なるほど。そのレイチェルっていう兵士に憧れて、冒険者のランクアップに勤しんだのか。

いい話だ。

「レイチェルは俺達の仲間、そしてボスの妹だ」

「そうだったのか」

「え!?」

「え?誰ですか?」

ボスの妹を少しだけ知っていた俺とセレナは驚き、それを知らない五月は率直に言った。

俺はクラン大佐の代わりに説明する。

「セベラル王国軍司令官ゼロール=スカーレットの妹だ。確か二年前の魔人戦争で謹慎をくらったはず」

「その通り。レイチェルは今王国の施設で精神医療を受けている。謹慎としてな」

「姉御が……そうか……」

複雑だろうなあ。

尊敬する姉御が魔人戦争で謹慎しているとな。

「アレイとボルトはバラターの友人か?」

「まあ、そうよ」

「バラターに誘われて冒険者をやっている。
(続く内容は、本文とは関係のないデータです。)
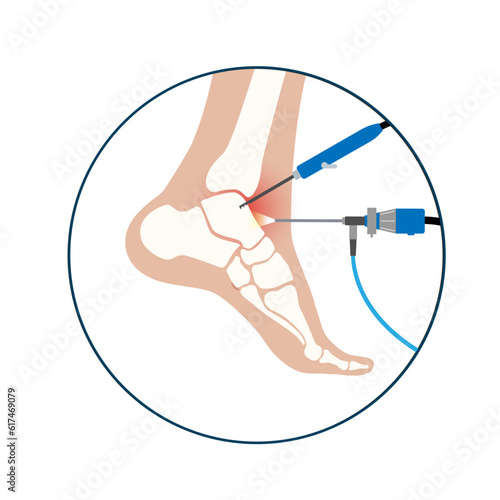 Ankle arthroscopy poster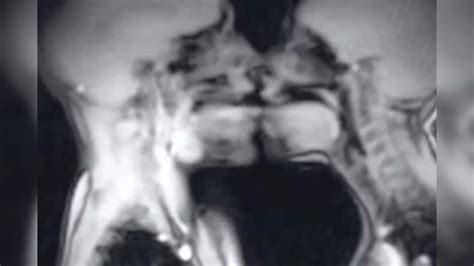 MRI मशीन में कपल का सेक्स, 30 साल पहले हुआ साइंस एक्सपेरिमेंट, बदल गई ...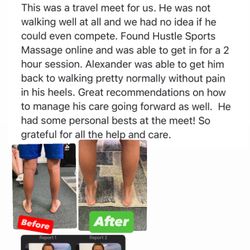 Holistic Muscle Therapy - Severs disease fix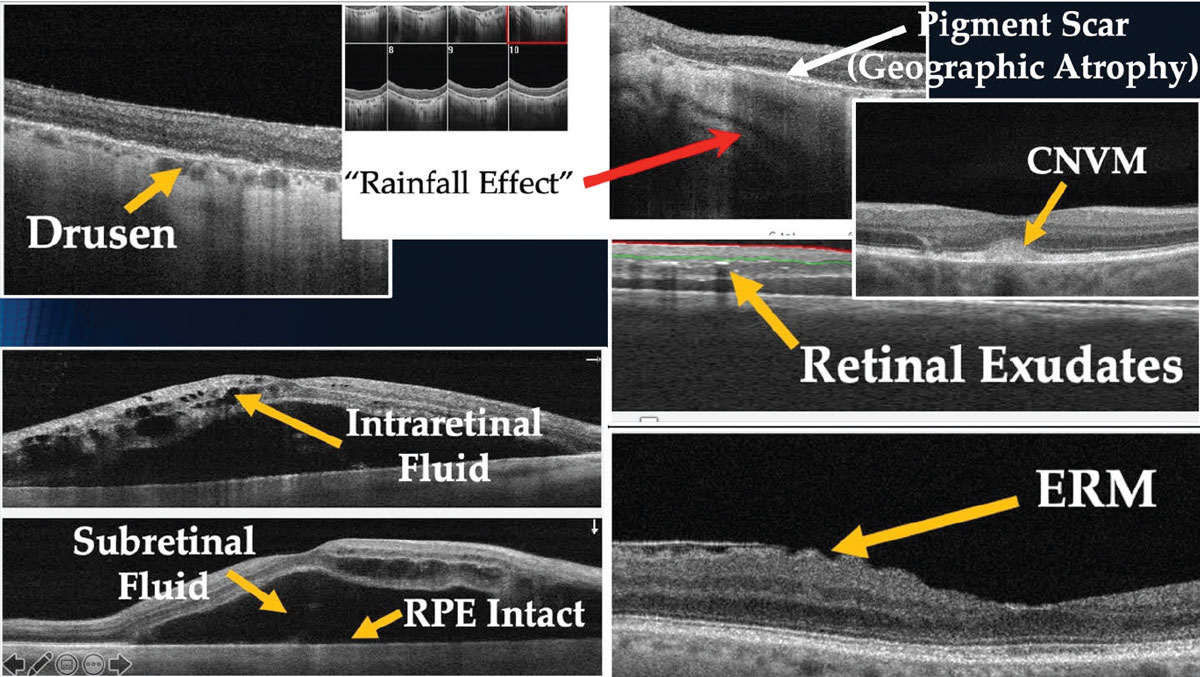 OCT Interpretation For Glaucoma Don t Get Fooled 2022 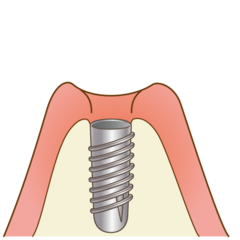implant003_コピー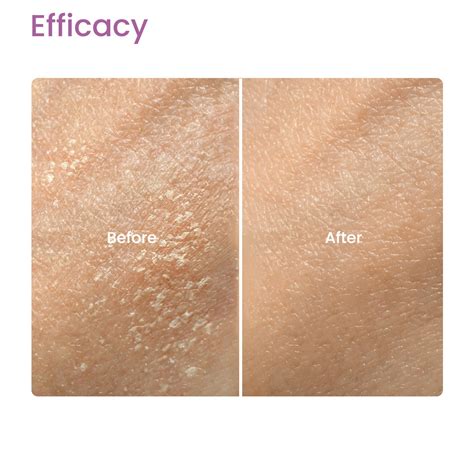 Goat Milk Soap For Skin Brightening | Earth Rhythm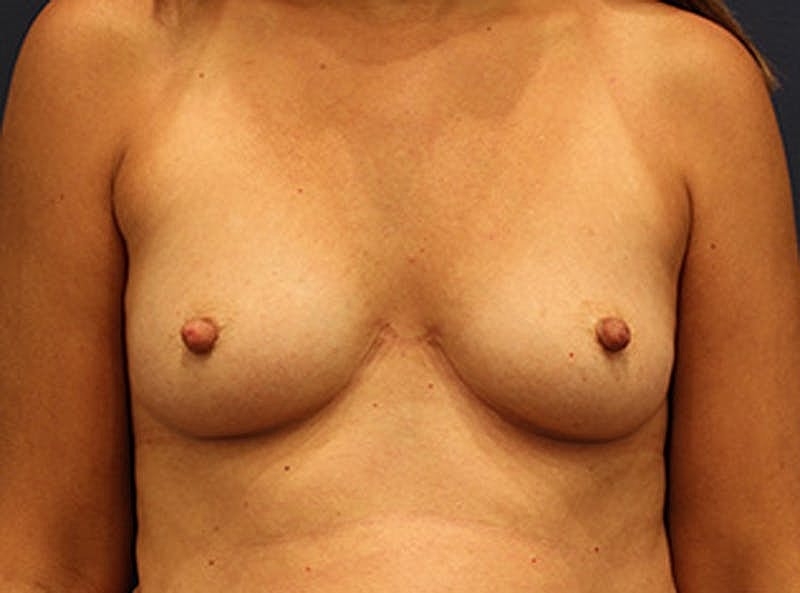 Breast Augmentation Before & After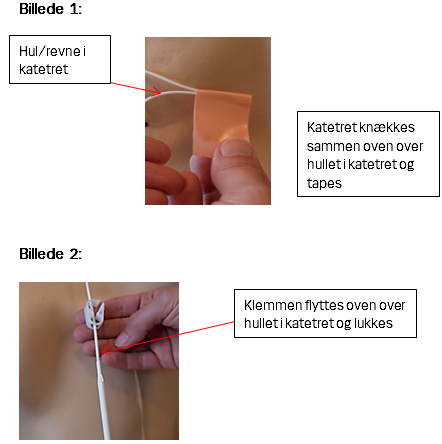 Billede 1 viser, at katetret knækkes sammen oven over hullet i katetret og tapes. Billede 2 viser, at klemmen flyttes oven over hullet i katetret og lukkes.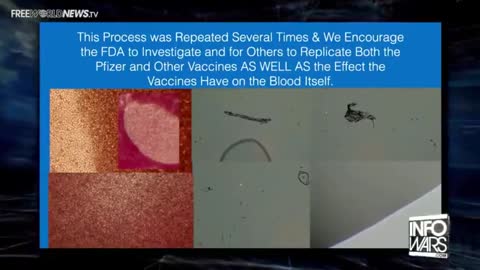 DISCOLORED & DEOXYGENATED: BLOOD CELLS EXPOSED TO PFIZER'S VACCINE LOSE HEALTHY RED COLOR & OXYGEN?!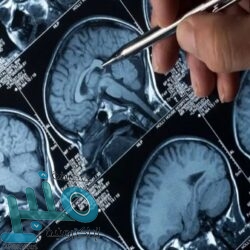 الكشف عن الملامح الأولى لتصميم الكمبيوتر المحمول “NOKIA PUREBOOK”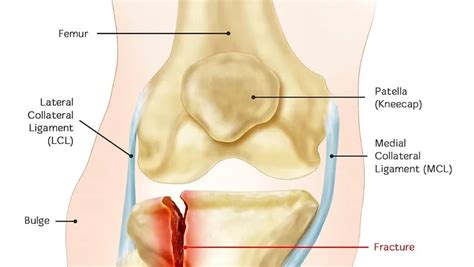 Proximal Tibia/Fibula Fracture - Carolina Regional Orthopedics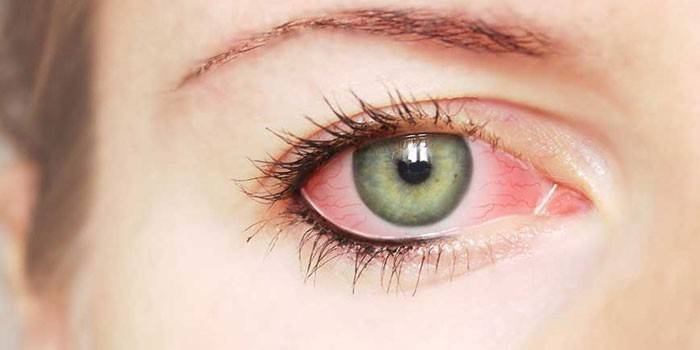 Enrojecimiento vascular de la proteína ocular.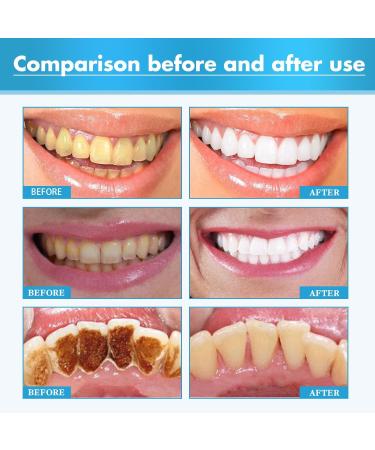 Ultimate Oral Care Set: Toothbrush Mouthwash Whitening Foam & Tartar Remover for a Healthier Smile - Buy Online on GoSupps.com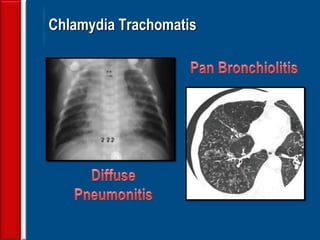 42
Chlamydia Trachomatis
 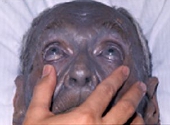 Argyria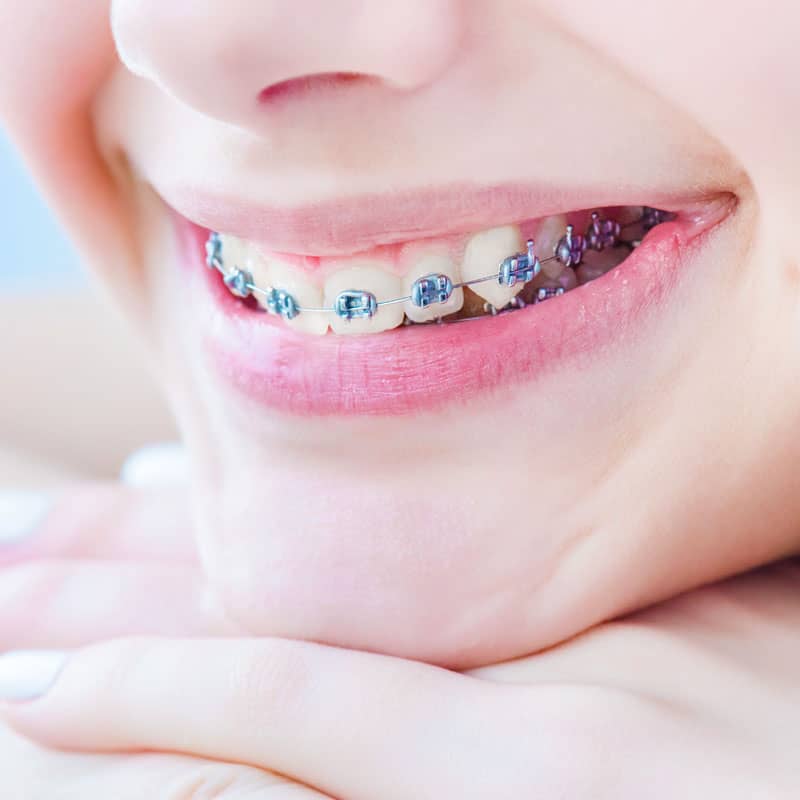 Orthodontic brace in smiling mouth
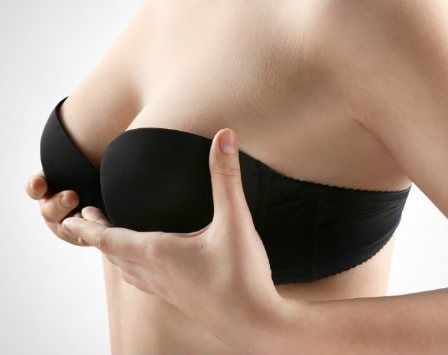 Breast Lift (Mastopexy) - Image 3 of 4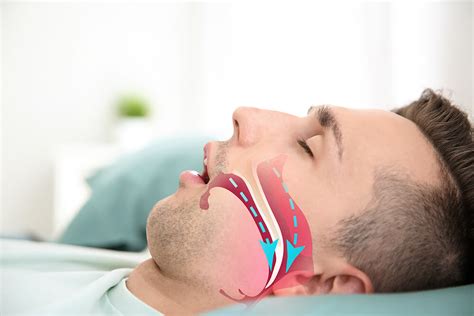 What Is Sleep Apnea Asia Pacific Dental Sleep Medicine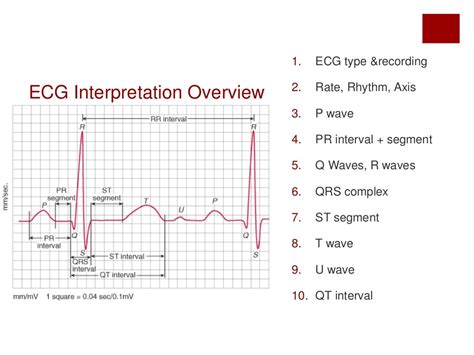 borderline ecg|How to interpret the ECG: A systematic approach.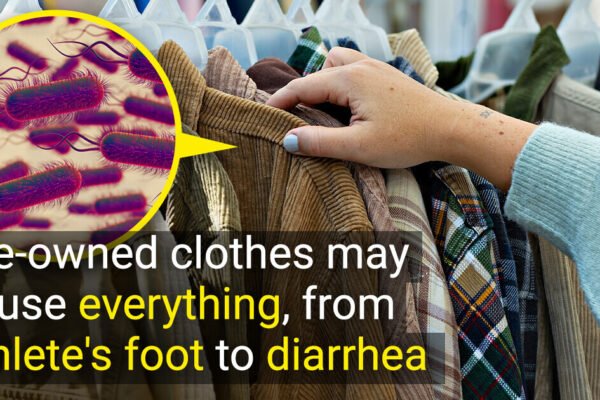 “They’re Swimming in Germs,” Scientists Give an Urgent Warning to Everyone Who Buys Vintage Second-Hand Clothes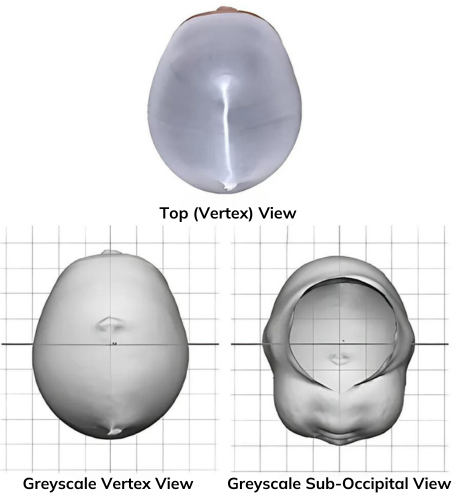 Cranial View Reading a Cranial Scan | Cranial Technologies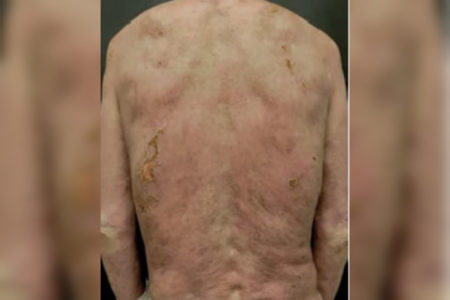 Fotos mostram a evolução de tratamento da necrólise epidérmica tóxica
最初は大変だったが、今日まで何とか過ごしているよ」

「なるほど、ありがとうバラター。次はそこの自衛隊装備のリーダー」

椅子に座っている自衛隊装備のリーダーが次の番となった。

「俺か。俺は佐々木兵長だ。一応軍直轄の冒険者だけどな」

ん?佐々木?

「もしかして、日本人か?」

「そう。育ちは静岡だ。あそこのお茶が恋しいよ」

「見張りをしている二人もか?」

「ああ。山田伍長と鈴野上等兵も日本人だ」

「……日本が恋しいか?」

「ああ。だが、この世界で家族が出来ちまった。日本には行けたら行きたいな」

寂しそうに言う佐々木兵長。

だから、日本の陸上自衛隊の戦闘服を着ているのか。

そして、日本人らしい喋り方も出身が日本なら納得がいく。

「ところで赤木」

「何だ?」

「まだ沼津のアイドルは残っているか?」

「ああ。最近は二代目に変わって、武道館でライブをやっている」

「そうか。それだけ気になったんだ」

「ところで、誰が好きなんだ?」

「オレンジ髪の夏狩ちゃんだ!」

「主人公押しか。俺はニコルンが好きだ」

「あー!分かる!ニコルンはあの決めゼリフがあるから、アイドルの中で人気があるんだよ!」

「おお!分かるか?あと、主人公の幼なじみの沙智子がいたよな」

「ああ」

「去年にその沙智子の声優さんにサイン貰って、握手したわ」

「マジっすか!凄え!さすが転生者!」

いや、それは関係ないだろ。

「セレナさん。マスターが何を話しているのか分かりません」

「多分ラブライフの話をしていると思うけど、他の皆がポカンとしているよ」

おっと。深く佐々木兵長と話してしまった。

「兵長。ラブライフの事はまた今度話し合おう」

「おう!分かった!」

「……楽しそうで何より。ボスや零、メリーがいれば盛り上がったけど、まあいいや、次は俺達だ」

ここで第二部隊の話か。少し気になるな。

「おお~。遂にモナカちゃんと先輩の熱いお話が出来るのだな!イェ~イ!」

「いや、それは話さない」

「ええ~?釣れないなあ~」

「モナカ。先輩をからかわない」

「分かっているよ~」

なぜかクラン大佐とモナカとフランの雑談となったが、クラン大佐がすぐに修正してくれた。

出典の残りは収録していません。